店の前でしばし外観を眺めてみる。
不思議な店だ。「ランチやってます」という貼り紙と一部のメニューが外に掲げられているが、お酒については一切言及がない。はて、この店お酒が飲めるのか。外観からは分からない。唯一手がかりになったのがビールケース。サッポロのケースがあるのだから、少なくともビールくらいは置いてるだろうと思い、店に入った。
すると、ビールどころの話ではなかった。なんと店は完全に酒場だったのだ。
お店正面にデーンとコの字カウンター。
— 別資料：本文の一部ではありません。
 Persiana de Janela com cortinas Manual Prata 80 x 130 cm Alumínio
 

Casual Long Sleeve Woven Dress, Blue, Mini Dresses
店の両端に業務用冷蔵庫。左側の壁もカウンターになっている。店員の男性が着るキンミヤのTシャツが眩しい。
店は意外にも広い。コの字カウンターといっても、大衆酒場のそれではなく、ちょっとシャレオツなカウンターキッチン。あえて言えばコの字カウンターキッチンだろうか。ボクらは、壁側のスペースに陣取らせてもらった。
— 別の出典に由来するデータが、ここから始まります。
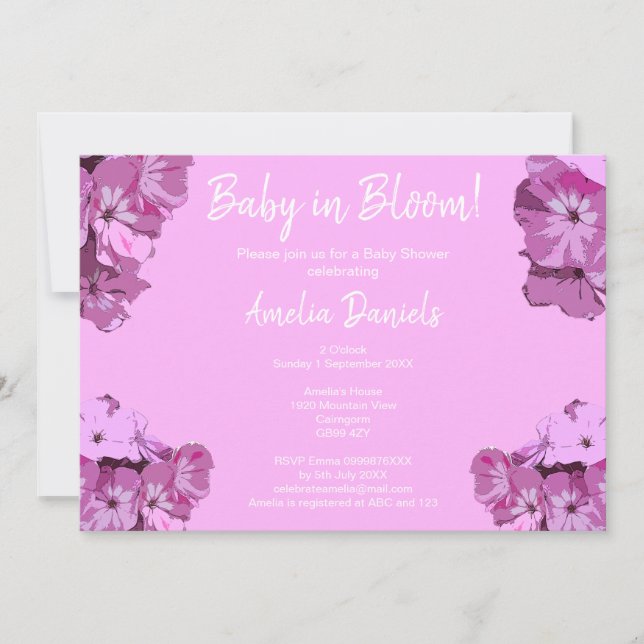 Baby Pink Floral Baby Shower Invitation (Devant)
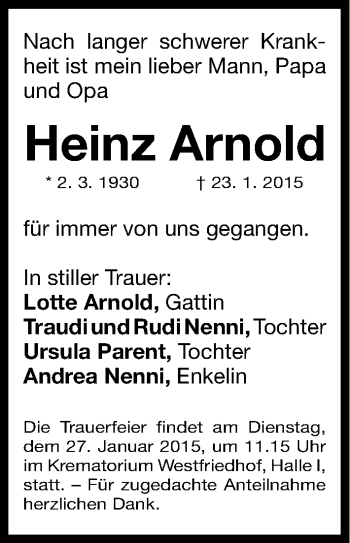 Traueranzeige von Heinz Arnold von Gesamtausgabe Nürnberger Nachrichten/ Nürnberger Ztg.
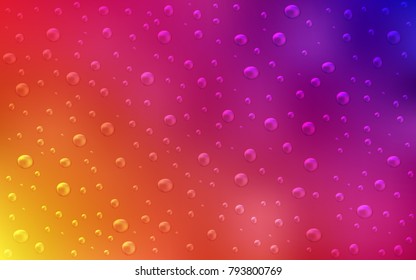 Light Pink, Yellow vector cover with spots. Glitter abstract illustration with blurred drops of rain. The pattern can be used for ads, leaflets of liquid.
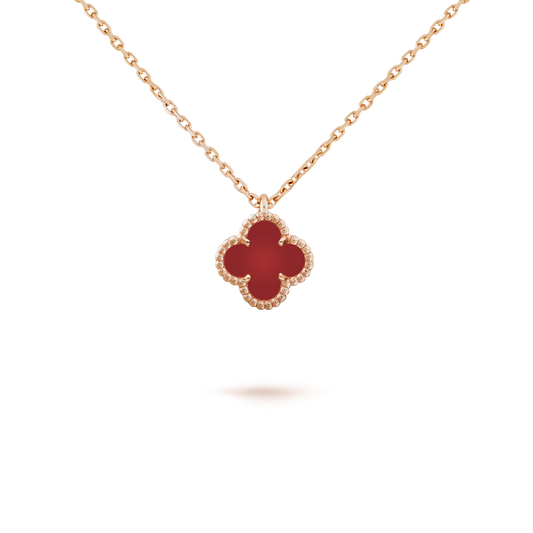 [Love Lucky]CLOVER MINI 9.5MM WHITE CARNELIANS NECKLACE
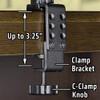 ARKON Mounts Heavy Duty Desk Cart or Table Mounting Pedestal with 4 inch Arm and C Clamp Base view 2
壁にはびっしりと短冊メニュー。だが、それもちょっとシャレオツだ。短冊風のプレートに手書きのメニュー。それを壁に打ったネジに引っ掛けている。見栄えがとても美しい。
さて、何を飲もうかな。
ビール、ホッピー、コダマの各サワー、見慣れぬカクテル、クラフトビール各種、日本酒にワイン、なんでもござれ。悩んで悩み抜いた挙句、結局「生ビール」に。
支払いはキャッシュオンデリ。錫の小さなお椀にお金を置いた。
つまみも豊富。和洋折衷、魅力的な肴がずらりと並ぶ。
「ポテトサラダ」に「酢モツ」。これはボクららしいチョイスだった。A藤君は多分酸っぱいものが好きである。昔、「牡蠣酢」をよく食べていた。「酢モツ」はA藤くんらしい。
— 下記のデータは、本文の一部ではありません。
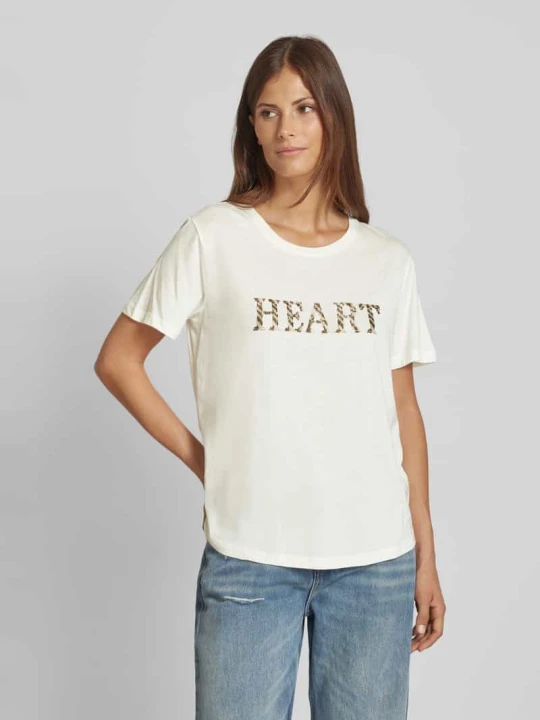 Zdjęcie produktu T-shirt z obszyciem perełkami model ‘FQGaya’ Freequent Écru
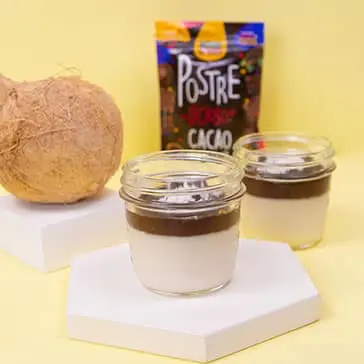 Natilla de coco y chocolate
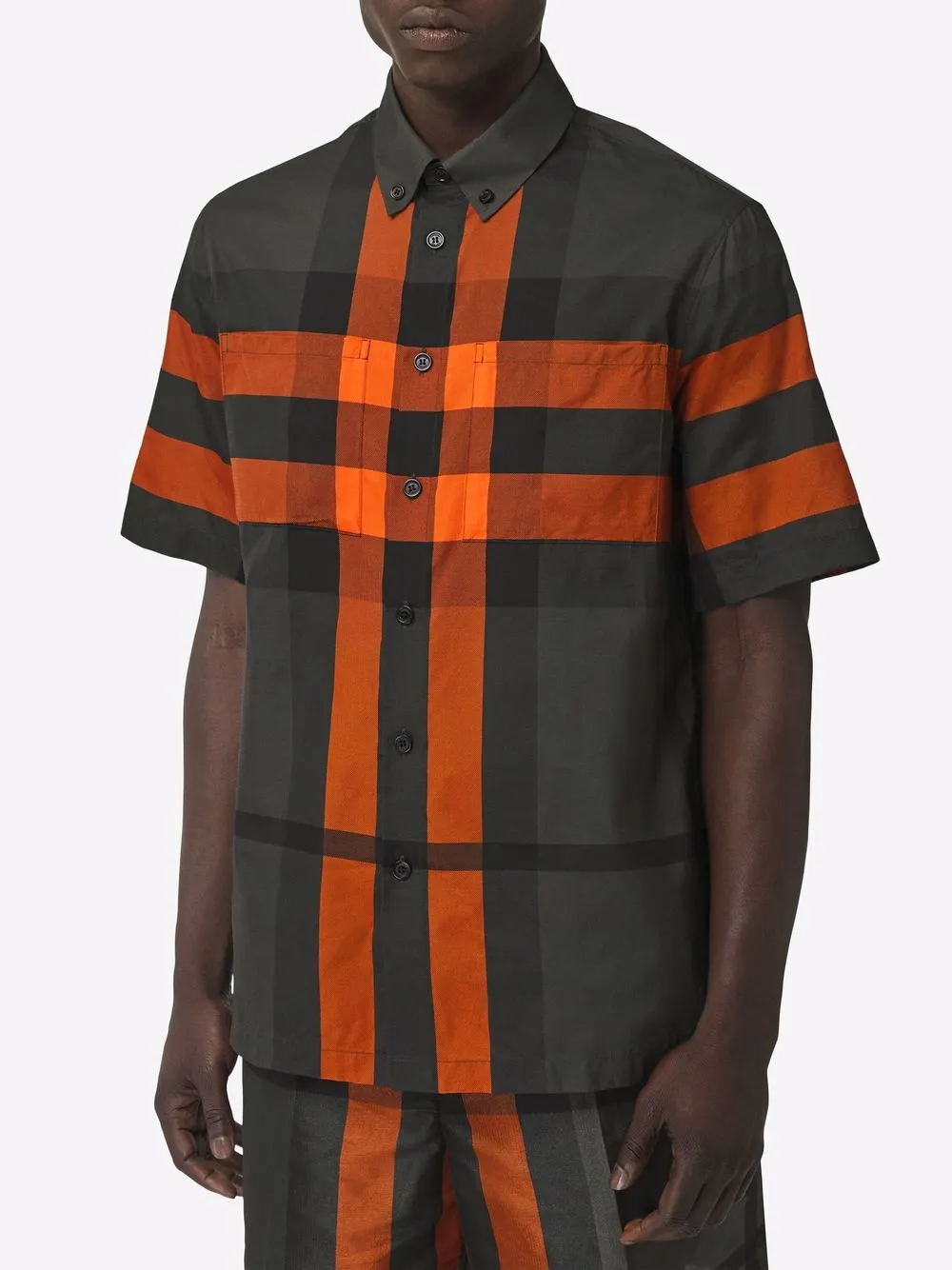 фото Burberry клетчатая рубашка с короткими рукавами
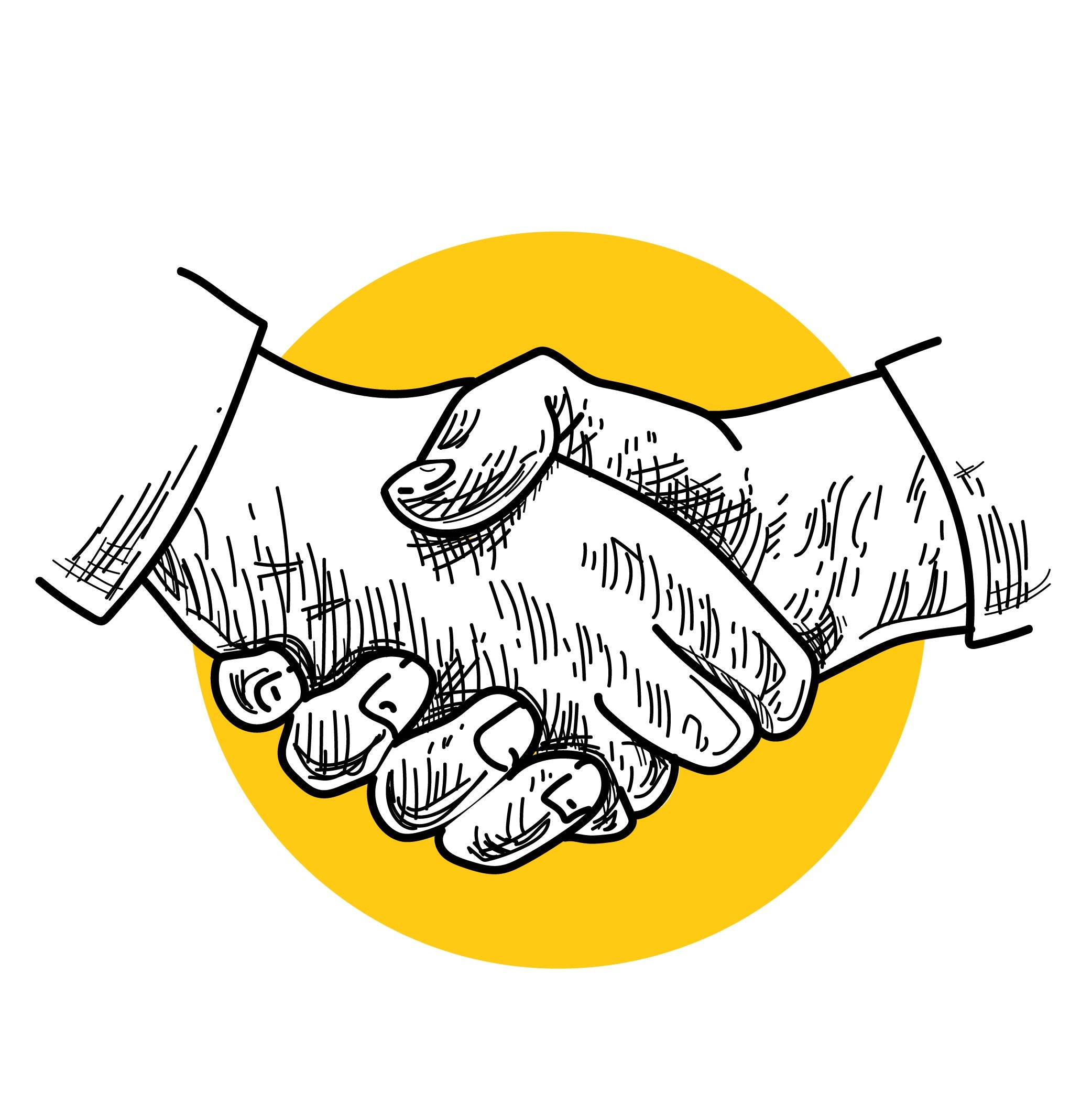 Stylized icon of a handshake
ポテサラも「酢モツ」ももちろん手作り。ポテサラに使用されている卵とじゃがいものバランスが絶妙。これだけで、この店の力量が伝わってくる。ビールを飲み干して、ボクらはホッピーセット(480円)へ。これらの飲み物は客自らが、冷蔵庫に取りに行く仕組みだ。ナカの焼酎はもちろんキンミヤだ。
明るい店内は思わず、昼酒の後ろめたさを和らげてくれる。キッチンのタイルがとてもきれいで、自分が今酒場にいることをついつい忘れてしまう。
トイレに行った際、コの字カウンターを横断した。トイレ側のカウンターには椅子がなく、そこで初めて気がついた。あ、やっぱり立ち飲みなのね。
この界隈はだいぶ歩いて店を探したが、立ち飲み屋はなかった。代々木八幡の線路の向こうも、代々木公園へ向かう商店街にも。上原で仕事が終わると、ボクはいつも新宿まで出て酒場に向かう。それが、ようやく立ち飲みが出来た。しかもとびっきりいい感じのお店が。
最後に頼んだ、塩辛とじゃがいもの和え物が秀逸だった。
正式名は失念したが、一見すると、相容れなさそうな両者が見事な調和を果たしているこの一品。塩辛の辛味とホクホクのじゃがいもの邂逅。一体この不思議なハーモニーはなんだろうか。思わず、「うま~い」と大声を発しながら、空を飛ぶミスター味っ子状態になった。なんという旨さ。恐るべし。
きっかり、ナカ2杯で試合終了。
最近、コの字カウンターが続いているが、どれもいい店ばかり。「一平」、「馬越」。そのいずれもが、キンミヤが飲み物の中核を担っているのは偶然か。
次回は絶対立ち飲みで。そして、店の屋号にもなっている、煮込みも食べなければ。次回の訪問が今から楽しみだ。
14時開店て。これじゃ、仕事にならないよ。